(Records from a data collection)
*** Begin section ***
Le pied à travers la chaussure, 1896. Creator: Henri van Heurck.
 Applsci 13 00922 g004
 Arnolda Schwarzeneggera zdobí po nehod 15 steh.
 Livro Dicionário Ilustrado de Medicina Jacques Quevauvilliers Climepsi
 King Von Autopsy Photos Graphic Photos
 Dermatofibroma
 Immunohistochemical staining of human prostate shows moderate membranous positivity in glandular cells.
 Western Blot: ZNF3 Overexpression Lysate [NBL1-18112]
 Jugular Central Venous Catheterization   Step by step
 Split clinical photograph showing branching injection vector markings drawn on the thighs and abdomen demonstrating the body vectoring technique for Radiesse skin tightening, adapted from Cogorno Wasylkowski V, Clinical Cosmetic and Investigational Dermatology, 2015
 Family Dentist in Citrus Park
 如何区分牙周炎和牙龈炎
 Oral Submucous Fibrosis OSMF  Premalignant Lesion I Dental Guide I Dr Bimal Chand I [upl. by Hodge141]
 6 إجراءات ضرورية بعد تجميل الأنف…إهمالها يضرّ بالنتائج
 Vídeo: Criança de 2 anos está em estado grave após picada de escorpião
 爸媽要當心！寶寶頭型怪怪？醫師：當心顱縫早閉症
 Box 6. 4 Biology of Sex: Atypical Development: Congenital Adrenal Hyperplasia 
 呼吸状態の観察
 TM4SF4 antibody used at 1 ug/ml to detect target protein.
*** End section ***
# TO DO
Repeat every line exactly, starting with the first line of the entries, and stop once the line containing "Split clinical photograph" has been given.

# TASK SOLUTION
Le pied à travers la chaussure, 1896. Creator: Henri van Heurck.
 Applsci 13 00922 g004
 Arnolda Schwarzeneggera zdobí po nehod 15 steh.
 Livro Dicionário Ilustrado de Medicina Jacques Quevauvilliers Climepsi
 King Von Autopsy Photos Graphic Photos
 Dermatofibroma
 Immunohistochemical staining of human prostate shows moderate membranous positivity in glandular cells.
 Western Blot: ZNF3 Overexpression Lysate [NBL1-18112]
 Jugular Central Venous Catheterization   Step by step
 Split clinical photograph showing branching injection vector markings drawn on the thighs and abdomen demonstrating the body vectoring technique for Radiesse skin tightening, adapted from Cogorno Wasylkowski V, Clinical Cosmetic and Investigational Dermatology, 2015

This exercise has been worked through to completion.